20 comments / Add your comment below

  1. Milton,

    Eu não li o livro de Kleist. Nem mesmo sabia que ele existia. Mas, lendo sua resenha, descobri que já conhecia a história. É o argumento do faroeste “A Justiça de um Homem”. A única diferença é que os fatos se passam no oeste americano. Não sei se o crédito é atribuído a Kleist na ficha técnica do filme.

        1. Sim, é a mesma história e abaixo copio um comentário que compara Kohlhaas com Myrl Redding. Segundo o comentarista, Myrl Redding é mais “bonzinho”.

          A compare and contrast to Michael Kohlhaas its original source., 1 December 2002
          Author: jmdsalser

          There are descriptions here that may give the ending away.

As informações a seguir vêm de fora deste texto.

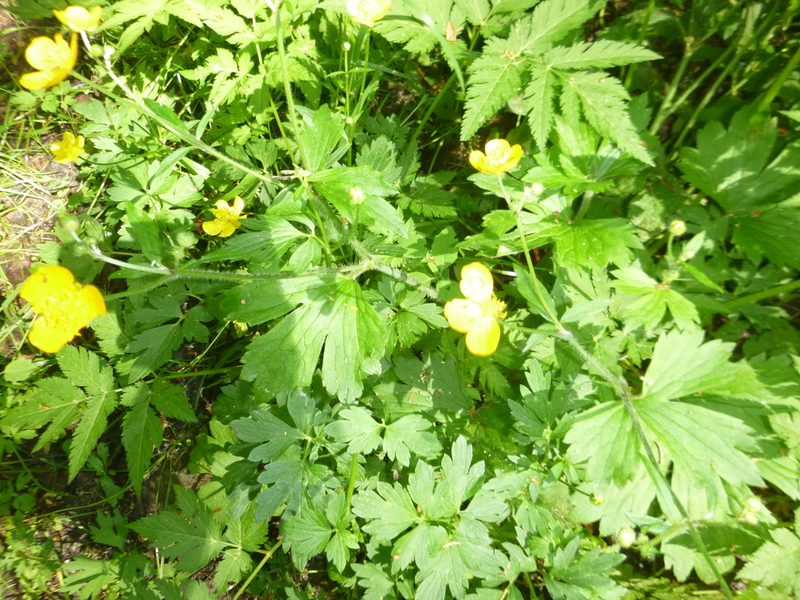 Ranunculus lanuginosus, photographed by Gabriel Mayrhofer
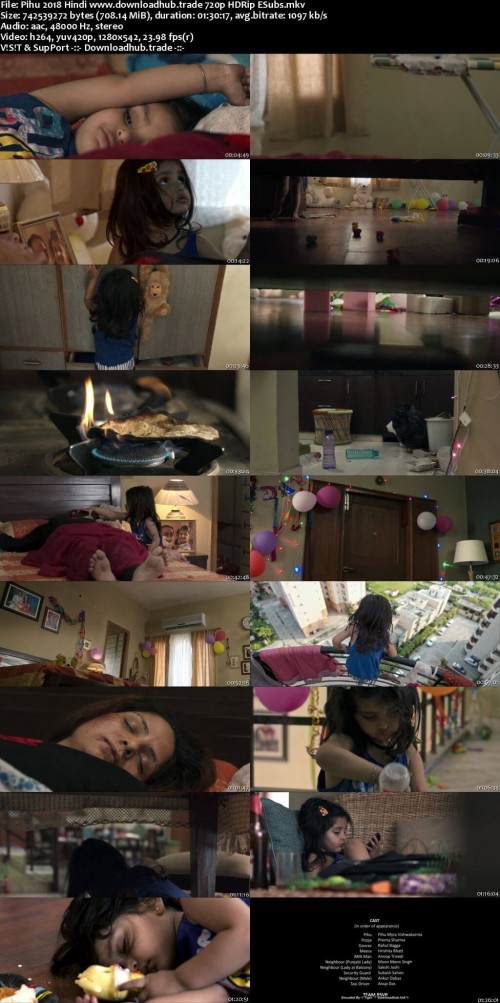 Pihu-2018-Hindi-www.downloadhub.trade-720p-HDRip-ESubs_s.jpg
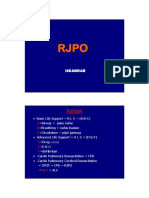 RJPO Revisi PDF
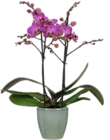 Aktuelles Schmetterlings-Orchidee Multiflora Angebot bei OBI in Duisburg ab 14,99 €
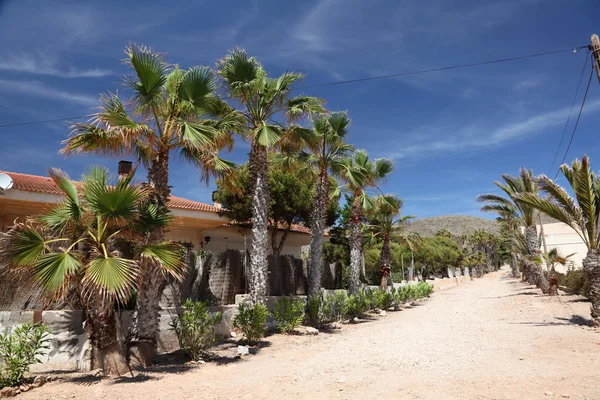Palmiye ağaçları la azohia, bölge murcia, İspanya — Stok fotoğraf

          Jack Bull is a movie based on a story written by Heinrich von Kleist. The story is called Michael Kohlhaas. Michael Kohlhaas is a horse trader just like Myrl Redding is in Jack Bull. Myrl Redding and Michael Kohlhaas are two alike personalities. In both stories, the horse dealers leave their horses to men who have put up a toll booth on their property. The horse dealers never having to pay for this before didn’t have enough money to pay the toll and were told they needed a permit. So they each leave two blacks with the property owners. They return with the money and find the blacks abused, worn, and tattered. The horse dealers become furious and want their horses restored to their original condition. This never happens.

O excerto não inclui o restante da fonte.